La Presse Anarchiste

L’Espagne révolutionnaire

La sup­pres­sion de l’État et la révo­lu­tion qui s’opère quand les tra­vailleurs assu­ment les tâch­es habituelle­ment con­cédées aux patrons, aux fonc­tion­naires, aux bureau­crates par la restruc­tura­tion de tous les organ­ismes essen­tiels à la vie, selon un mode de fonc­tion­nement fédératif, ne sont pas un mythe ni une utopie. C’est parce que des hommes ont déjà ten­té, avec un cer­tain suc­cès, de don­ner des solu­tions aux ques­tions sociales aux­quelles nous sommes con­fron­tés et dans un sens qui nous con­vient que nous revenons en arrière dans le temps, et non par goût pour les archives : un enseigne­ment doit se dégager, une théori­sa­tion s’élaborer des mul­ti­ples expéri­ences ; que ce soient des con­seils alle­mands, hon­grois et autres, des com­munes chi­nois­es, des kib­boutz­im israéliens, de l’autogestion yougoslave et algéri­enne, de la Com­mune de Paris…

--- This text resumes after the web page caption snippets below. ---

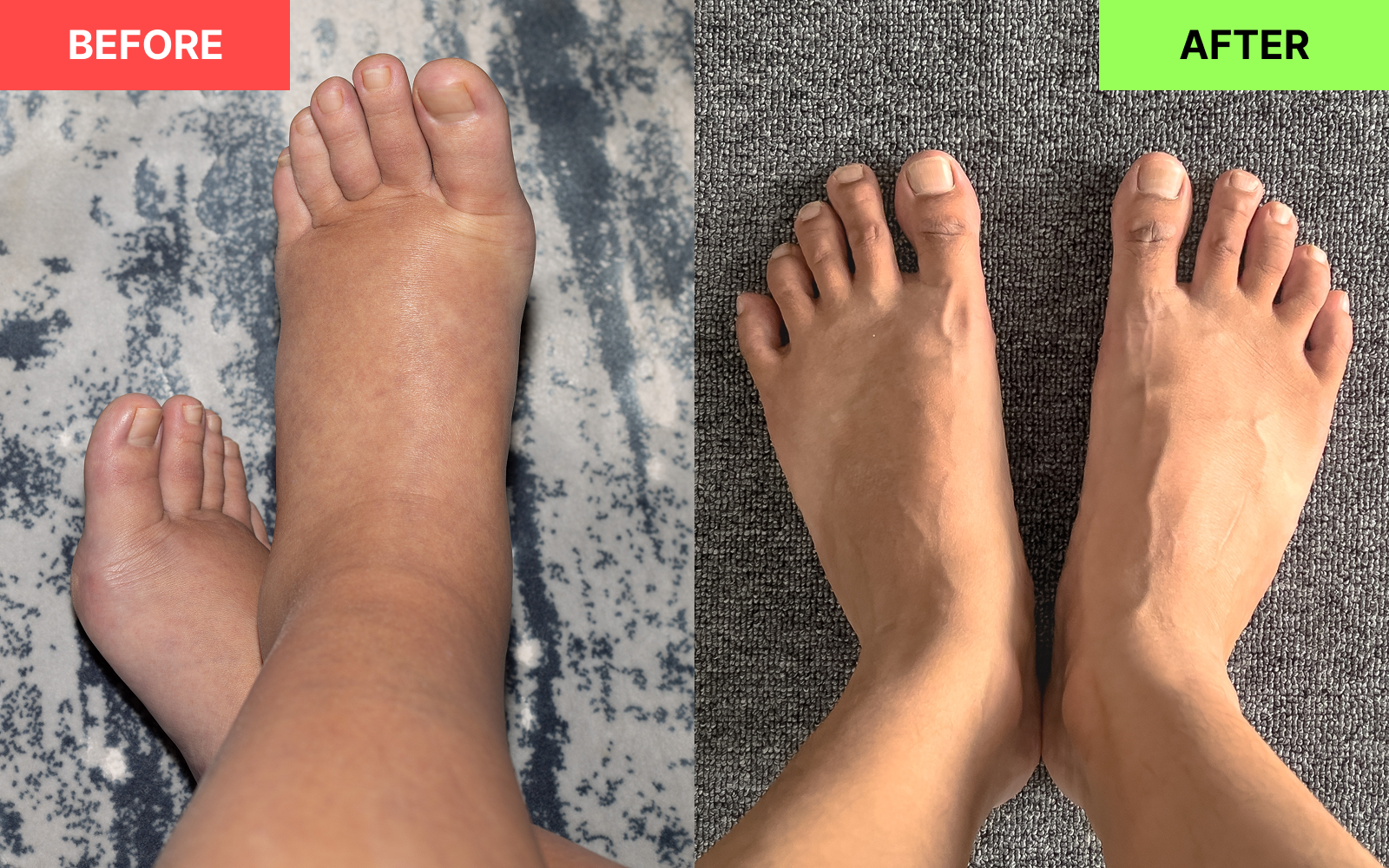 EmPulse heat and EMS combination therapy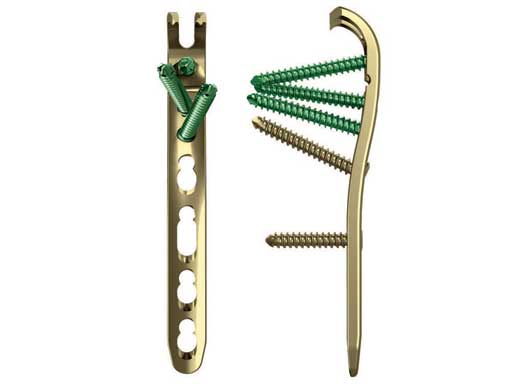 LCPDistalUlnaPlate2-0_2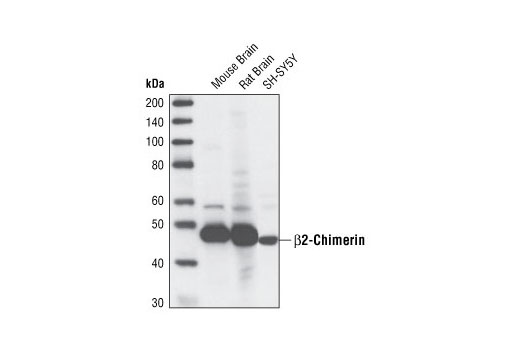 Western Blotting Image 1: β2-Chimerin (2E3) Rat mAb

Quant à nous, ici, et pour cette fois, nous nous lim­iterons aux « col­lec­tivi­sa­tions » et « syn­di­cal­i­sa­tions » espag­noles de 36‑39 : elles ont démon­tré, mal­gré les imper­fec­tions et les dif­fi­cultés, la pos­si­bil­ité de réal­i­sa­tions lib­er­taires et l’efficacité d’une ges­tion par les travailleurs.

L’interpénétration des expéri­ences nous con­duit à un nou­veau seuil, à une nou­velle vision du monde qu’un terme à la mode résume, réduit à un sché­ma : l’autogestion.

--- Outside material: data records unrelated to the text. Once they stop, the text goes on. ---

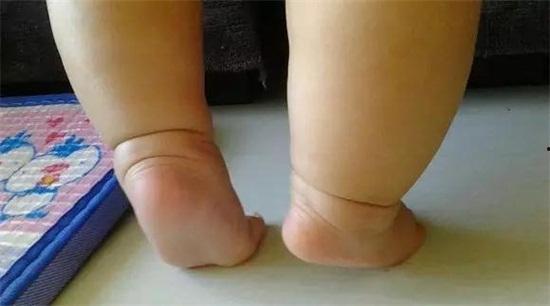 成人脚尖走路视频大全集,揭秘成人脚尖走路技巧与风采展示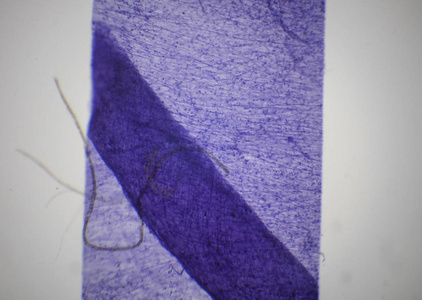 运动神经传导在显微镜下运动神经元照片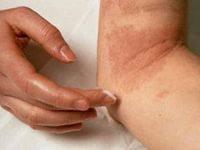 лечение нейродермита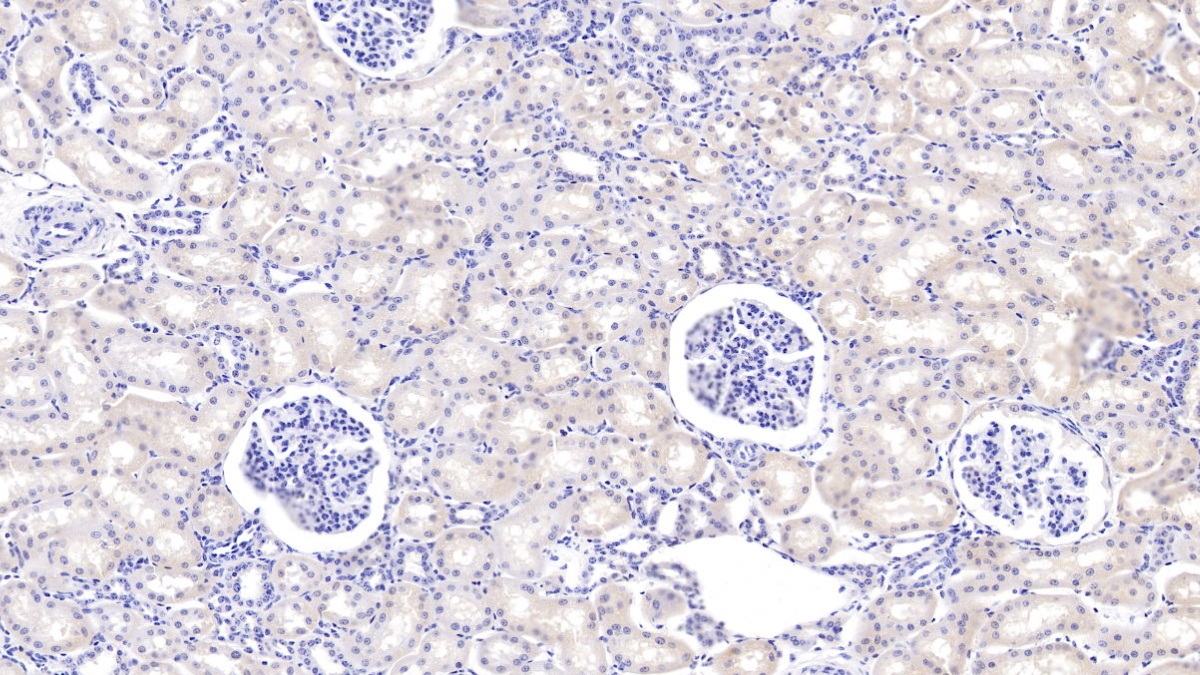Polyclonal Antibody to Polymeric Immunoglobulin Receptor (PIGR)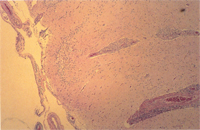 圖1：狗肉芽腫性腦膜脊髓炎，低倍圖(63 X)。慢性炎症細胞主要侵犯血管周圍，增生形成很厚的非化膿性肉芽腫性反應。 H & E stain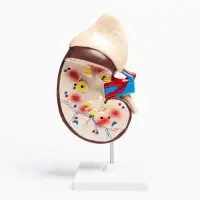 Анатомическая модель &laquo;Макет почки человека&raquo;, 14&times;30 см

L’autogestion se veut réponse à la con­cen­tra­tion économique sinon au cen­tral­isme politique.

Il est admis main­tenant que la con­cen­tra­tion économique aboutit à des déséquili­bres dan­gereux pour la survie des nations ; en revanche, dans des unités de ges­tion plus petites, à la mesure de l’homme, l’ouvrier a la pos­si­bil­ité de pren­dre en charge la pro­duc­tion ; son intérêt psy­chologique est un fac­teur de rentabil­ité. Dans les pays dévelop­pés, le cen­tral­isme poli­tique se révèle stratégique­ment frag­ile : le point cen­tral de déci­sion plus facile­ment destruc­tible lais­serait sans réac­tion la périphérie qui a per­du l’habitude des ini­tia­tives ; actuelle­ment, la ten­dance cor­rec­trice, réfor­ma­trice à ce hand­i­cap se for­mule dans la « par­tic­i­pa­tion» ; la « région­al­i­sa­tion », etc.

Dans les pays en voie de développe­ment, le pou­voir de l’État n’a pas encore absorbé et détru­it les tra­di­tions et cou­tumes d’autonomie des vil­lages ; pro­vi­soire­ment, il en tient compte. L’Espagne de 1936 était un pays en voie de développe­ment déjà forte­ment indus­tri­al­isé dans cer­taines régions.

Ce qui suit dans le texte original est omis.